In the displacement method, a concave lens is placed in between an object and a screen. If the magnification in the two positions are ${m_1}$ and ${m_2}$ (${m_1} > {m_2}$), and the distance between the two positions of the lens is x, the focal length of the lens is
$\begin{gathered}
  {\text{A}}{\text{. }}\dfrac{x}{{{m_1} + {m_2}}} \\
  {\text{B}}{\text{. }}\dfrac{x}{{{m_1} - {m_2}}} \\
  {\text{C}}{\text{. }}\dfrac{x}{{{{\left( {{m_1} + {m_2}} \right)}^2}}} \\
  {\text{D}}{\text{. }}\dfrac{x}{{{{\left( {{m_1} - {m_2}} \right)}^2}}} \\
\end{gathered} $

Answer 1

Hint: We can make use of the relations for magnification for the displacement method. Then by using the lens formula in the obtained expression and solving for the focal length, we shall be able to obtain the required value of focal length.

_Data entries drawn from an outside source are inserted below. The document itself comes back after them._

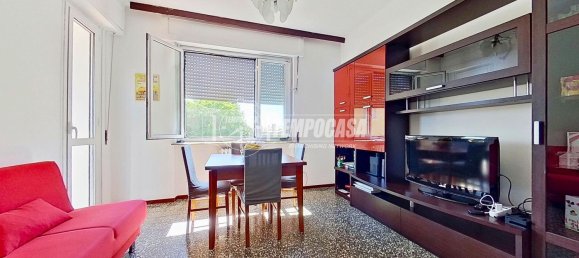 3 rooms Apartment in Legnano, Italy No. 269887 2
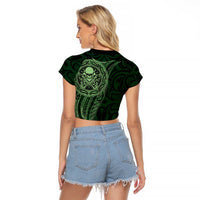New Zealand Skull Darts Raglan Cropped T Shirt Aotearoa Maori Chest Tattoo Stylized Green - Polynesian Pride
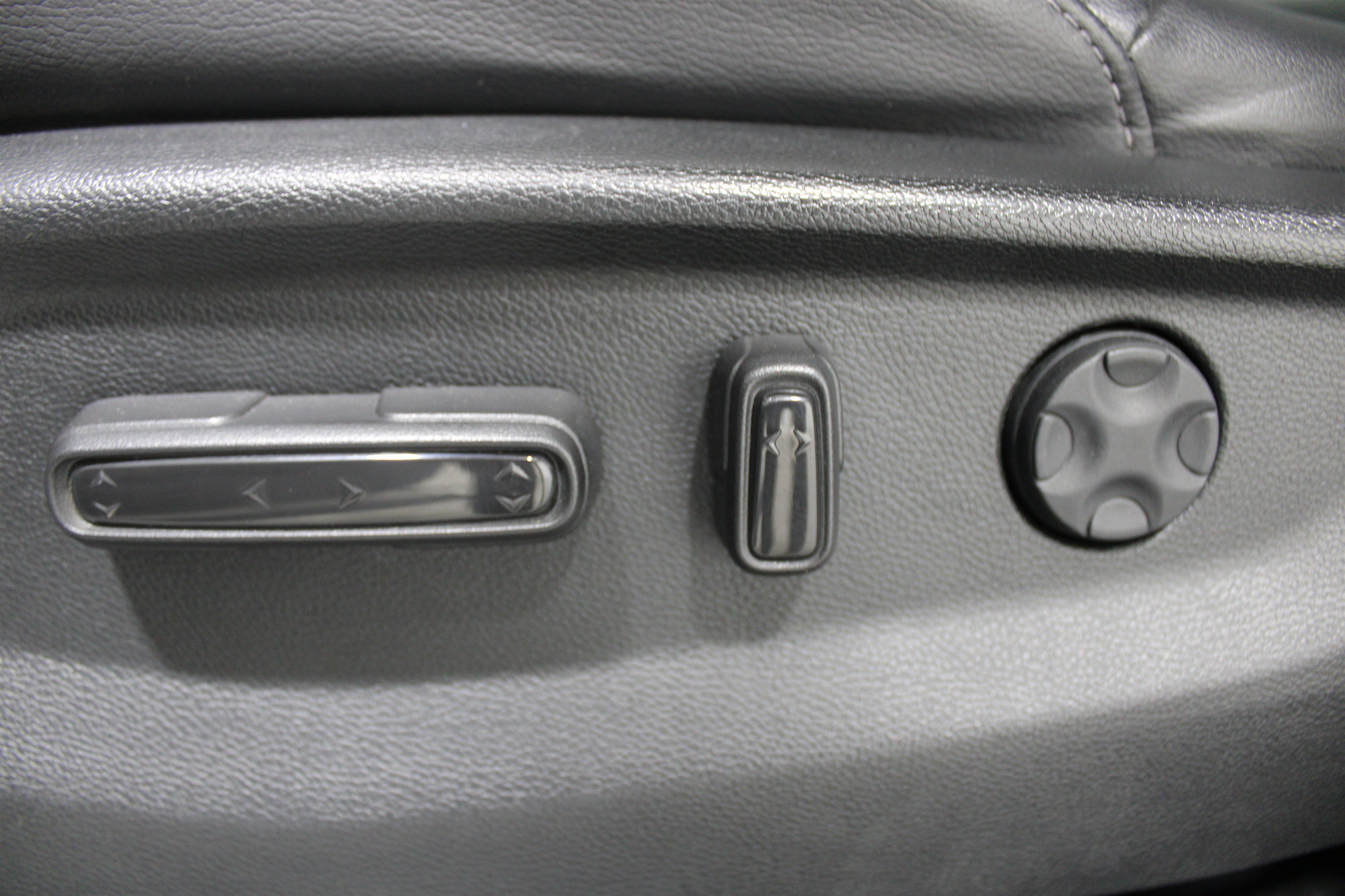 Used 2021 Honda CR-V Touring image 4
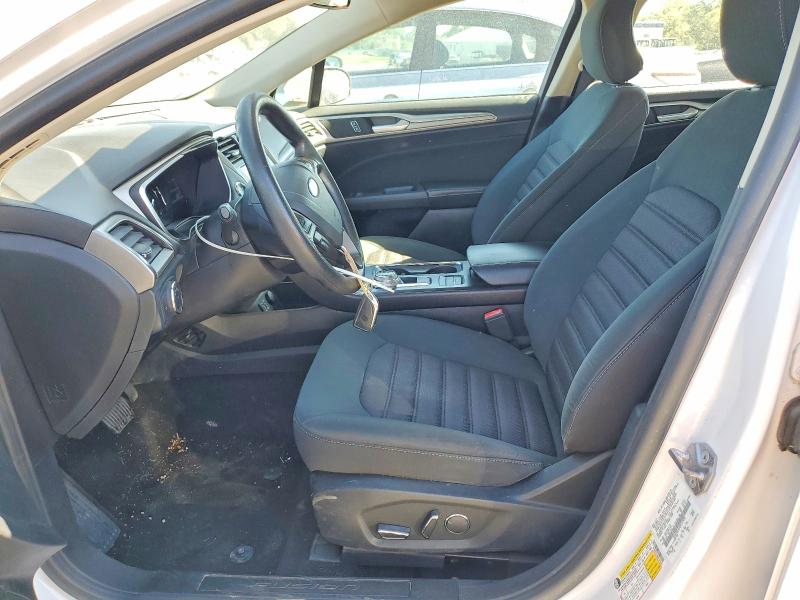Photo 7 from auction – 2019 FORD FUSION with VIN 3FA6P0LU5KR157939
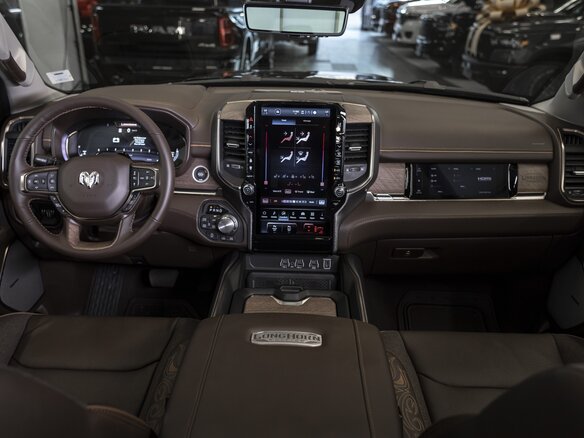 2026 Ram 1500 Crew Cab eTorque V Рестайлинг, чёрный, 12019113 рублей - вид 23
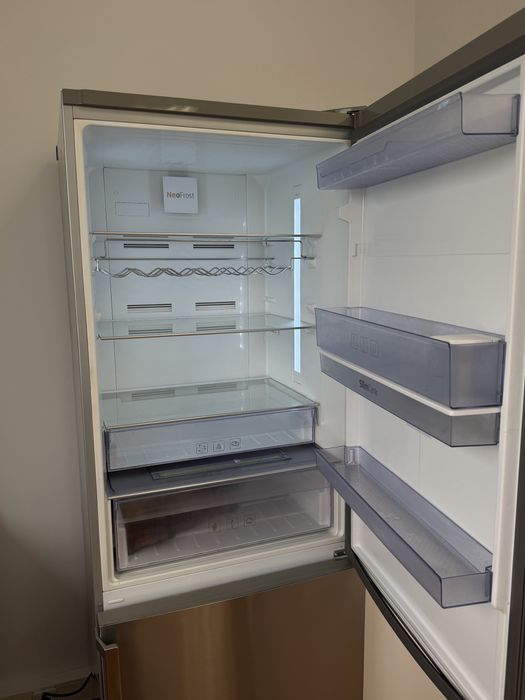 Combinado BEKO com arca congeladora
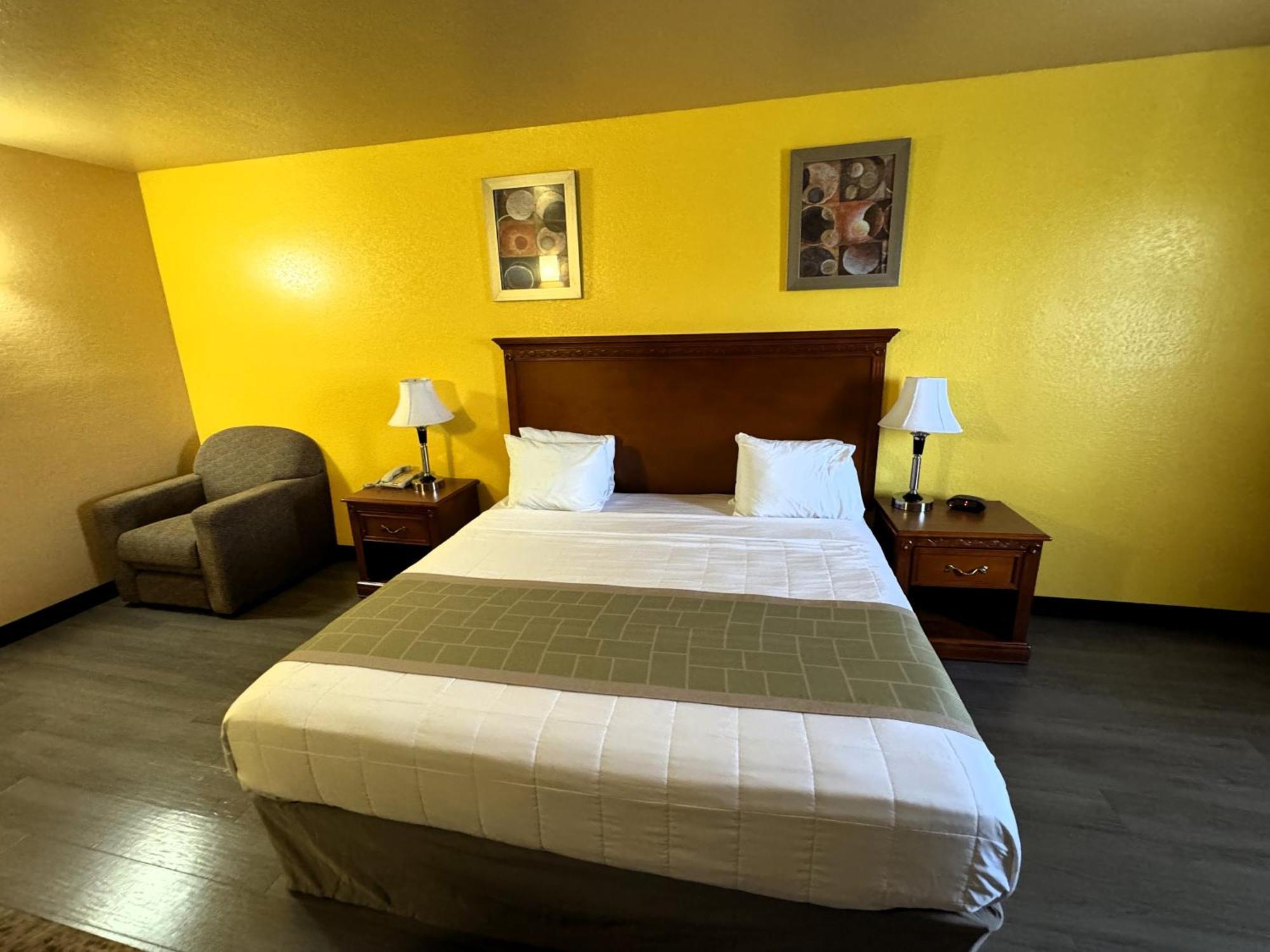 Quality Inn & Suites Mcalester On Hwy 69 & Us 75 מראה חיצוני תמונה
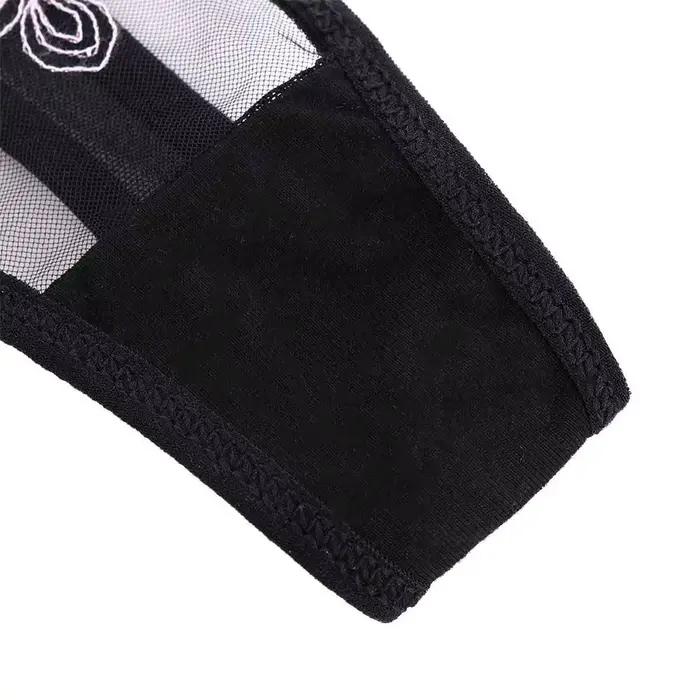 Culotte string courte en coton et polyestère avec dentelle florale pour femmes élégance et confort occasions spéciales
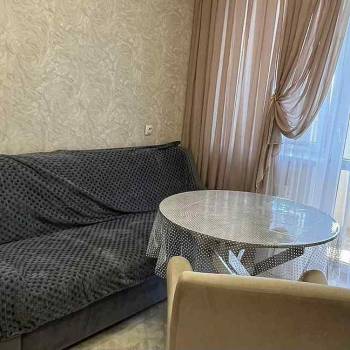 Сдается 1-комнатная квартира, 41,3 м²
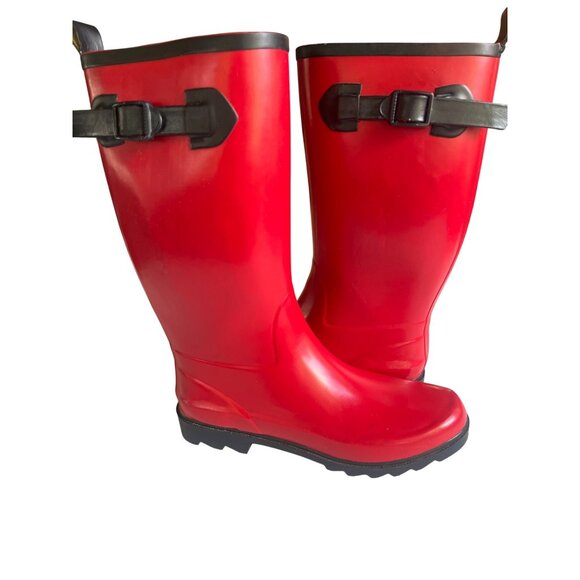 Red Rain Boots Size 9 Black Straps Durable Rubber Sole Striped Inner Lining - Picture 1 of 6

Complete step by step answer:
We are given that a concave lens is placed in between an object and a screen and we try to find out the focal length of this lens by using the displacement method. The following diagrams show the image formation in the displacement method.

In the displacement method, the two magnifications obtained at two positions are given as follows:
$\begin{gathered}
  {m_1} = \dfrac{v}{u}{\text{ }}...{\text{(i)}} \\
  {m_2} = \dfrac{u}{v}{\text{ }}...{\text{(ii)}} \\
\end{gathered} $
Here u is the distance of the object from the lens while v is the distance of the image from the lens. For these magnifications, the following relation holds.
${m_1}.{m_2} = 1$
Now subtracting equation (ii) from equation (i), we get
${m_1} - {m_2} = \dfrac{v}{u} - \dfrac{u}{v} = \dfrac{{{v^2} - {u^2}}}{{uv}}$
From the diagram we get that $v - u = x$. Using this in above equation, we get
${m_1} - {m_2} = \dfrac{{\left( {v + u} \right)\left( {v - u} \right)}}{{uv}} = \dfrac{{\left( {v + u} \right)x}}{{uv}}{\text{ }}...{\text{(iii)}}$
Now we will use the lens formula, which is given as
$\dfrac{1}{f} = \dfrac{1}{v} - \dfrac{1}{u}$
For the first case, we have
Distance of object from lens $ = - u$
Distance of image from lens $ = v$
Therefore, we have
$\begin{aligned}
& \dfrac{1}{f} = \dfrac{1}{v} - \dfrac{1}{{ - u}} = \dfrac{1}{v} + \dfrac{1}{u} \\
& \dfrac{1}{f} = \dfrac{{u + v}}{{uv}} \\
\end{aligned} $
Using this in equation (iii), we get
$\begin{aligned}
& {m_1} - {m_2} = \dfrac{x}{f} \\
& f = \dfrac{x}{{{m_1} - {m_2}}} \\
\end{aligned} $

So, the correct answer is “Option B”.

Note: 1. We have used the following convention for the lens. All the distances to the left side of a lens are taken as negative while all the distances to the right hand side of the lens are taken as positive.
2. The focal length of a concave lens is negative while the focal length of a convex lens is positive.